BEGIN

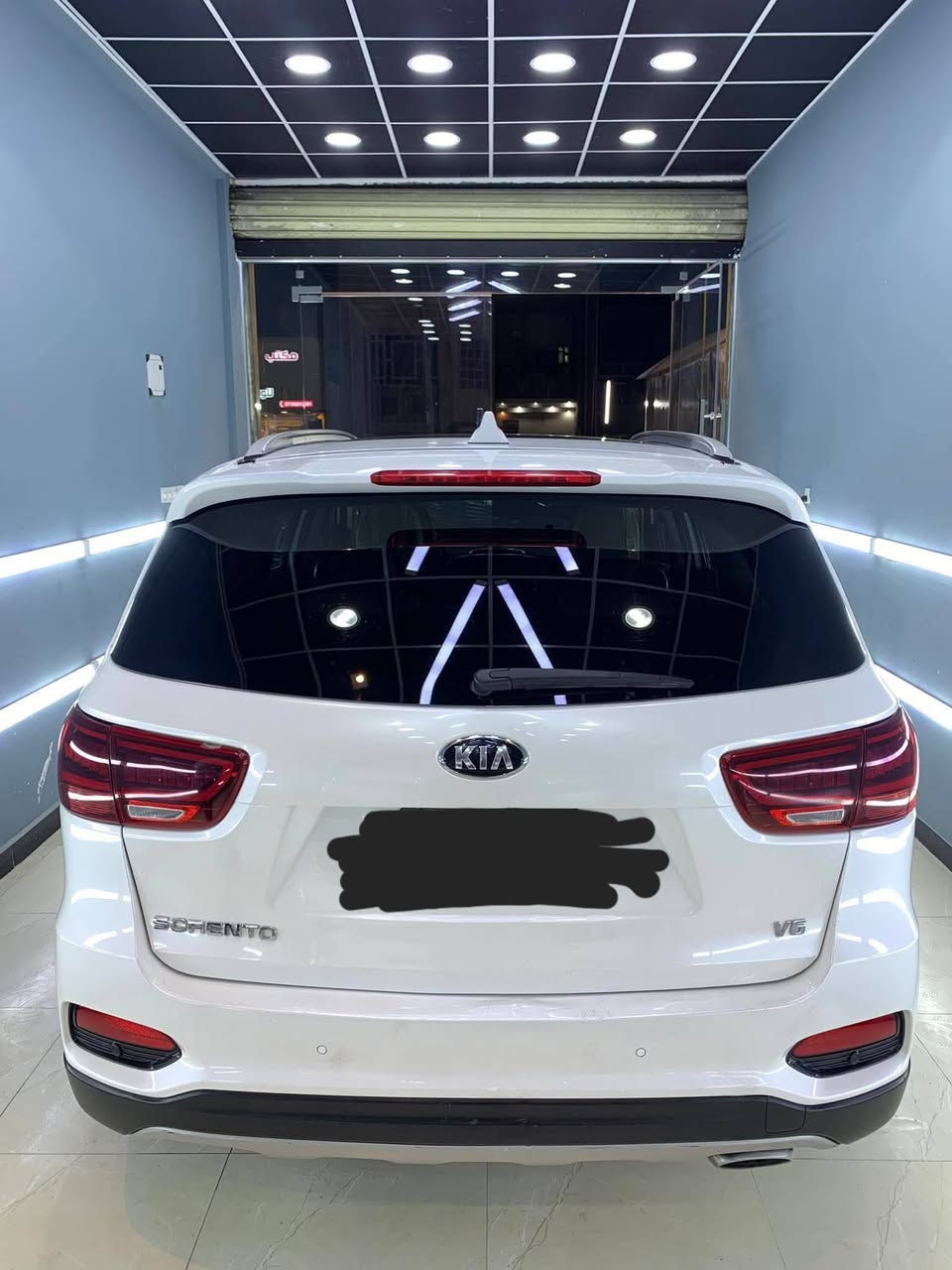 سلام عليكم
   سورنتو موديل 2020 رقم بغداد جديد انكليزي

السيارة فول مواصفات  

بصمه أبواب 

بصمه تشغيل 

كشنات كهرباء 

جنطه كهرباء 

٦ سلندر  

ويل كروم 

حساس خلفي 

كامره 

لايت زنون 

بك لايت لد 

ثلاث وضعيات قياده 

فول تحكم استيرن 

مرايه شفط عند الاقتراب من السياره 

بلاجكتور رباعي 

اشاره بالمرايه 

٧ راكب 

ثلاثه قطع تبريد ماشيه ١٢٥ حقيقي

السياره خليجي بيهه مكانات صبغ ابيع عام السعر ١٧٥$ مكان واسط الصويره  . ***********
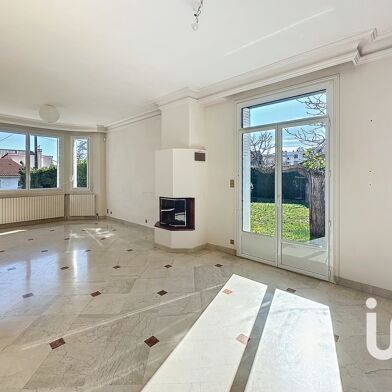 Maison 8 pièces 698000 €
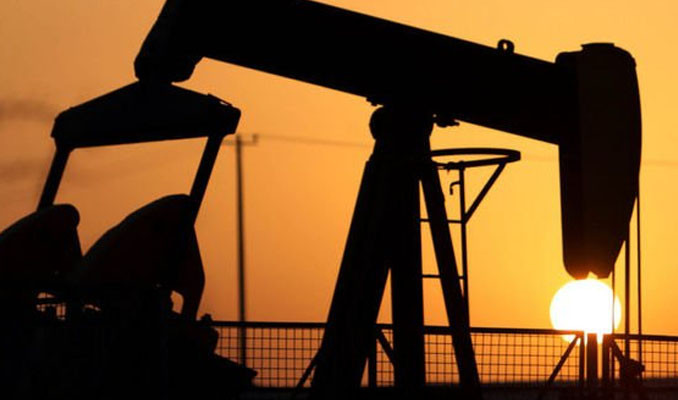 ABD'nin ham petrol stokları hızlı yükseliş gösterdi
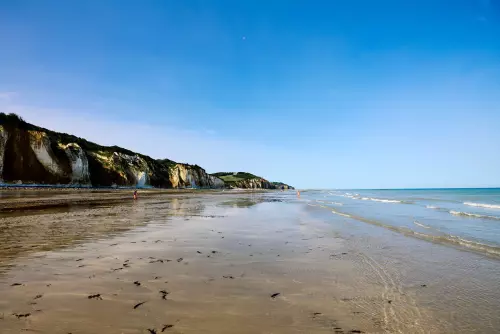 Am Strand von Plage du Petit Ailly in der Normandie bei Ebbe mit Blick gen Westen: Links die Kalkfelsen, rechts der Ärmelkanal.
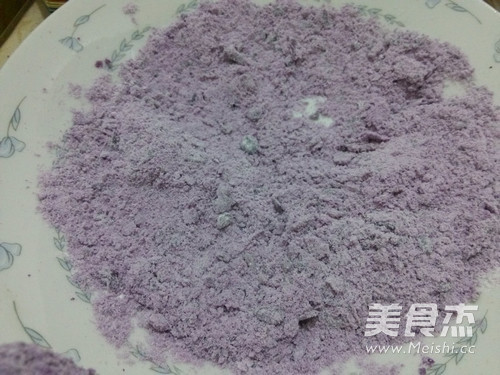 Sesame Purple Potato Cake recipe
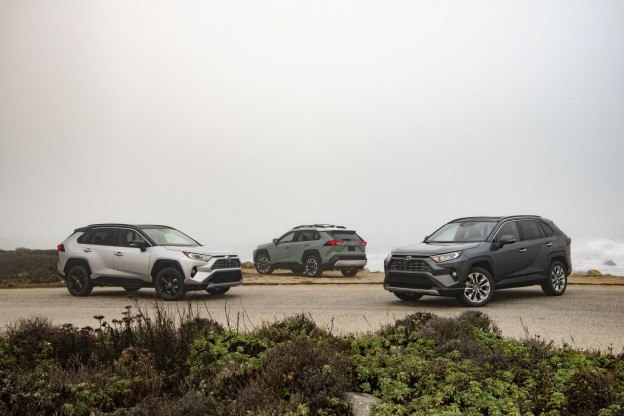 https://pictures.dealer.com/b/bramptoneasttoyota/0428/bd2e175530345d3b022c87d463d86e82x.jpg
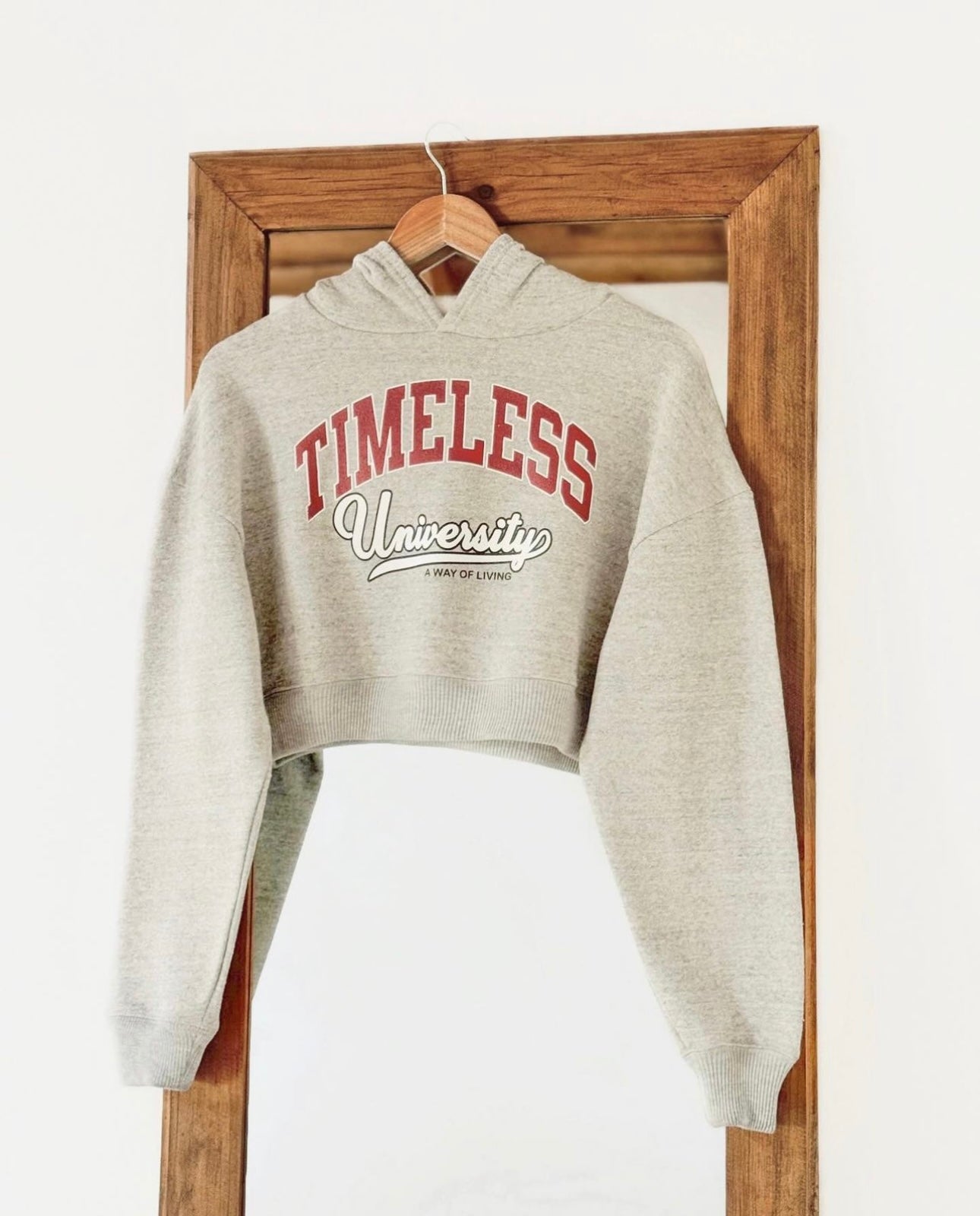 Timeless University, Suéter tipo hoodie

END

■ About this task ■
Word for word, retype the material above without its pictures.

■ Response to the exercise ■
 سلام عليكم
   سورنتو موديل 2020 رقم بغداد جديد انكليزي

السيارة فول مواصفات  

بصمه أبواب 

بصمه تشغيل 

كشنات كهرباء 

جنطه كهرباء 

٦ سلندر  

ويل كروم 

حساس خلفي 

كامره 

لايت زنون 

بك لايت لد 

ثلاث وضعيات قياده 

فول تحكم استيرن 

مرايه شفط عند الاقتراب من السياره 

بلاجكتور رباعي 

اشاره بالمرايه 

٧ راكب 

ثلاثه قطع تبريد ماشيه ١٢٥ حقيقي

السياره خليجي بيهه مكانات صبغ ابيع عام السعر ١٧٥$ مكان واسط الصويره  . ***********
 Maison 8 pièces 698000 €
 ABD'nin ham petrol stokları hızlı yükseliş gösterdi
 Am Strand von Plage du Petit Ailly in der Normandie bei Ebbe mit Blick gen Westen: Links die Kalkfelsen, rechts der Ärmelkanal.
 Sesame Purple Potato Cake recipe
 https://pictures.dealer.com/b/bramptoneasttoyota/0428/bd2e175530345d3b022c87d463d86e82x.jpg
 Timeless University, Suéter tipo hoodie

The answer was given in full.